About this task ▸ Once the line with "Sun Bum Mineral" is found in the data, output it and each following line exactly, up to and including the line with "Glider Rocking Nursery", and nothing before or after.

Supplied records ▸
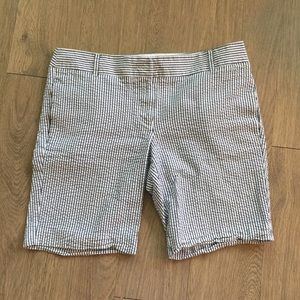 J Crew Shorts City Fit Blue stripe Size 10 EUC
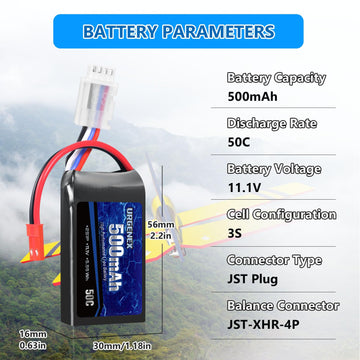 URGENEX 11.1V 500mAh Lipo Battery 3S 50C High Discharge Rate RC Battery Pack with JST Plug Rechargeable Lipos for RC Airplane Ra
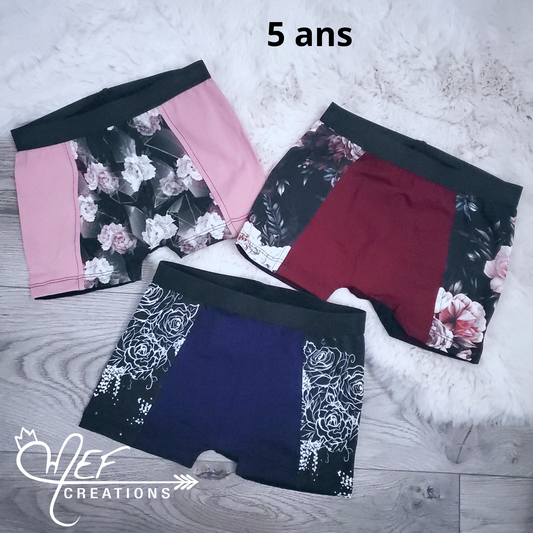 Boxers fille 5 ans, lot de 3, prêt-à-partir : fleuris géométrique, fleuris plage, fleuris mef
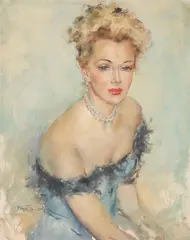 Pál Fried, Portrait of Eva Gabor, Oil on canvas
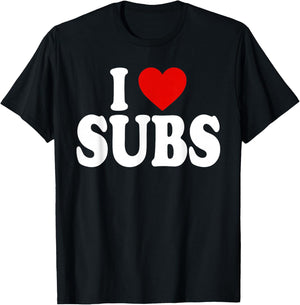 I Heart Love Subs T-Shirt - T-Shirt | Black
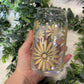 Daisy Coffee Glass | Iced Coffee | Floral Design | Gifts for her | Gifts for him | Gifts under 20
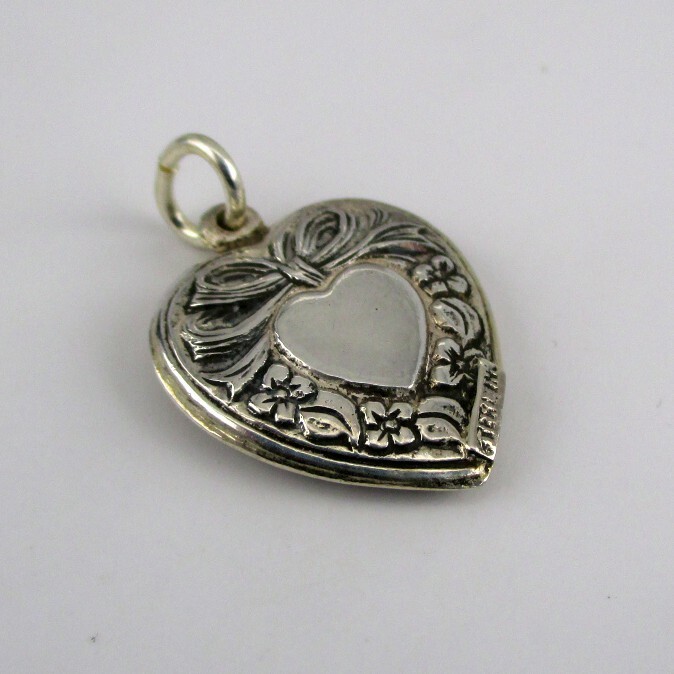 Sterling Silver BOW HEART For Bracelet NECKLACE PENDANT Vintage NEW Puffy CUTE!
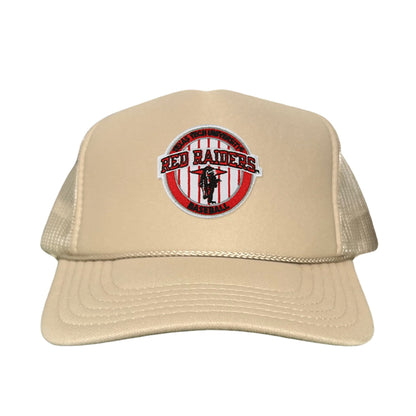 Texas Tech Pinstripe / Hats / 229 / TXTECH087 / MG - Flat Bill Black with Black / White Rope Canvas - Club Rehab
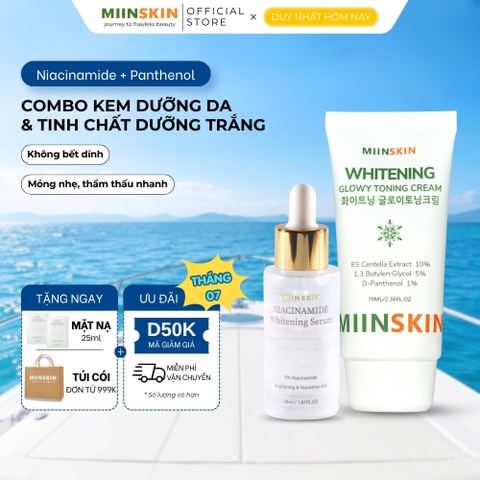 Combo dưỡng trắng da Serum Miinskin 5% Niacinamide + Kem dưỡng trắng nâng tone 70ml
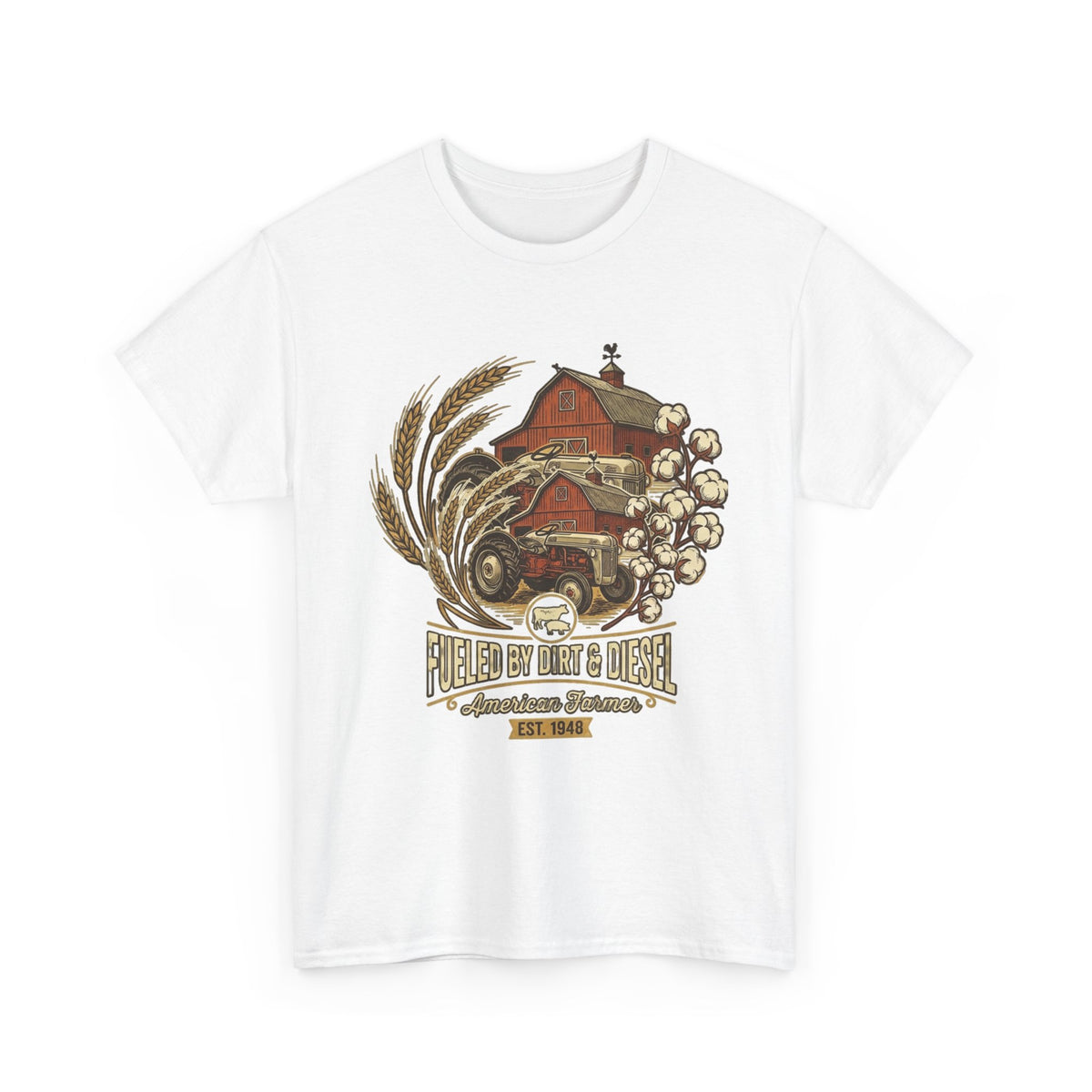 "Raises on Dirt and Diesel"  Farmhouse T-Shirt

==

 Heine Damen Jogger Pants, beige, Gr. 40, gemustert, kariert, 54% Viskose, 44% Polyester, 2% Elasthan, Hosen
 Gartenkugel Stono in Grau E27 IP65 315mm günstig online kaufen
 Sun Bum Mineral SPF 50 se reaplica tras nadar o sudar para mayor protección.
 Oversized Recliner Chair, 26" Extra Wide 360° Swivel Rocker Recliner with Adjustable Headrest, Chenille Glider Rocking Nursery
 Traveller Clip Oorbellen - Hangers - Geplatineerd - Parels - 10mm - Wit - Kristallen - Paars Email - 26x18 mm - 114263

--

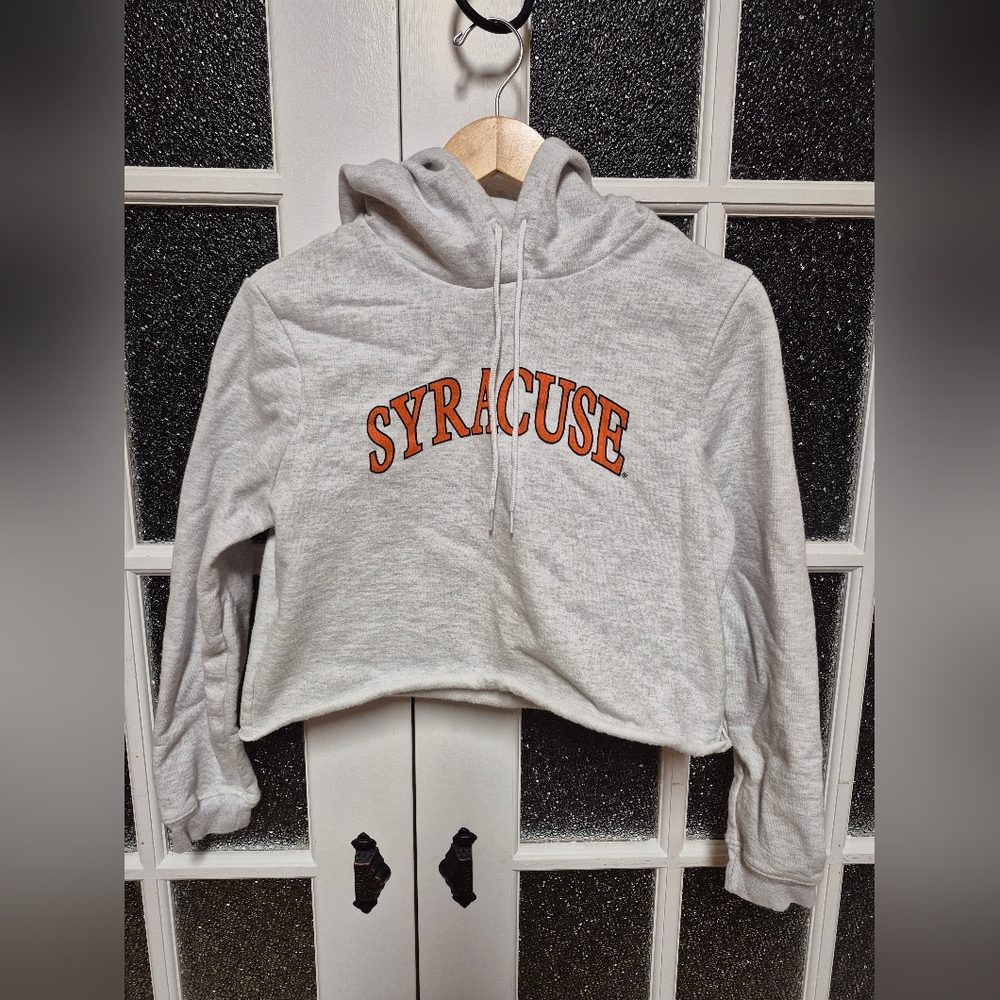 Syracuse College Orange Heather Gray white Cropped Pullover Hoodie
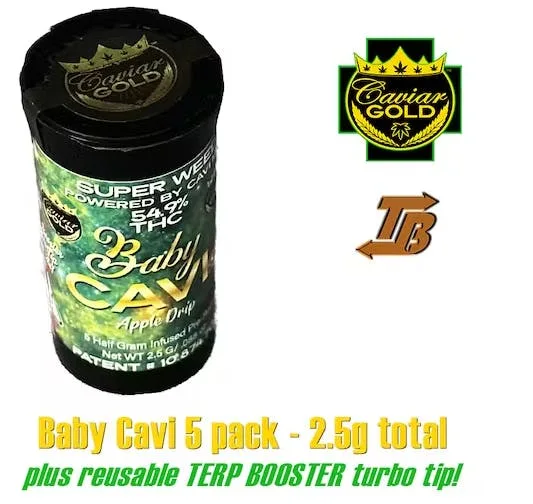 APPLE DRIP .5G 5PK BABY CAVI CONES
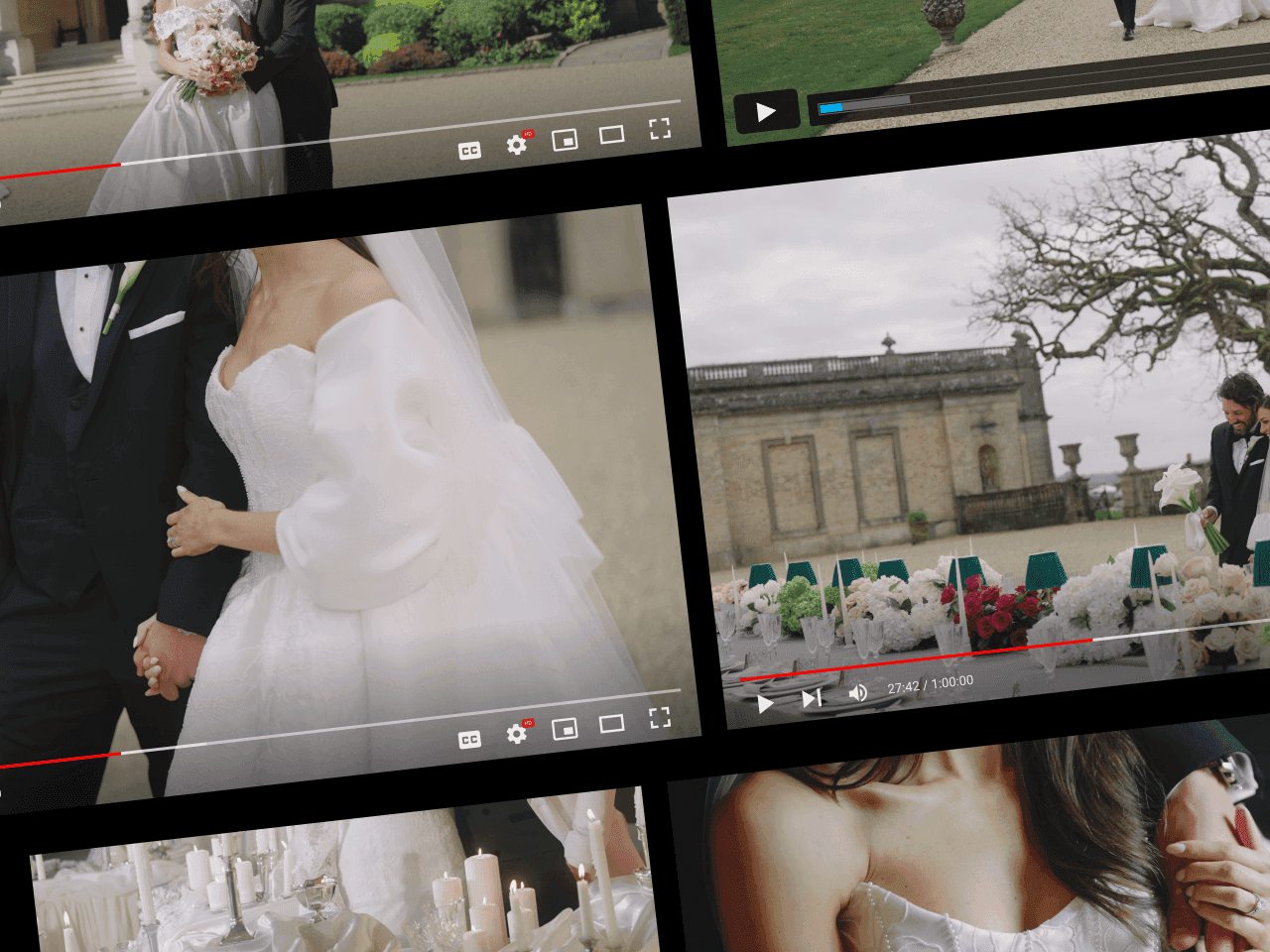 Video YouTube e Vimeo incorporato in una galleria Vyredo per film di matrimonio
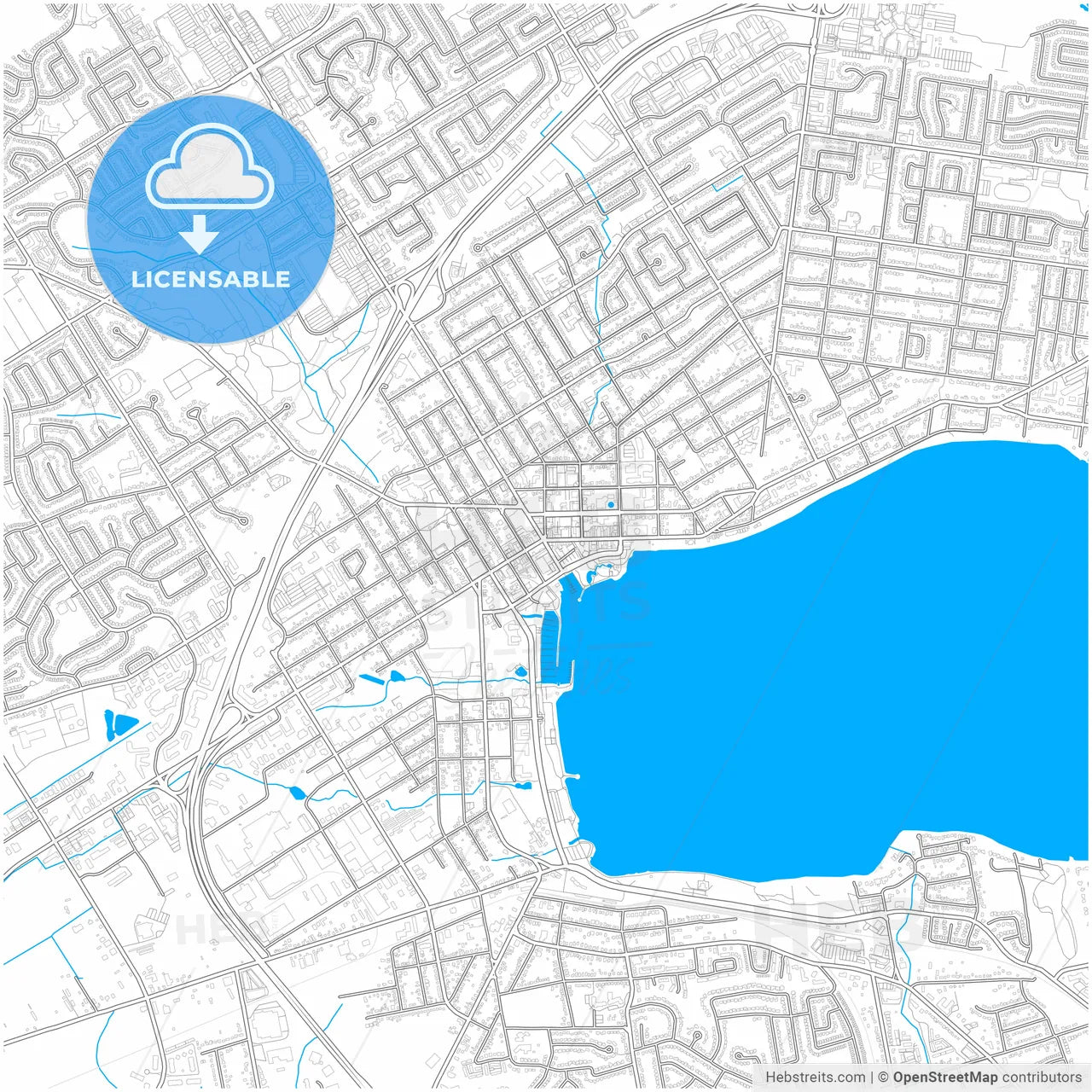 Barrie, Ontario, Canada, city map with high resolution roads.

Task answer ▸
 Sun Bum Mineral SPF 50 se reaplica tras nadar o sudar para mayor protección.
 Oversized Recliner Chair, 26" Extra Wide 360° Swivel Rocker Recliner with Adjustable Headrest, Chenille Glider Rocking Nursery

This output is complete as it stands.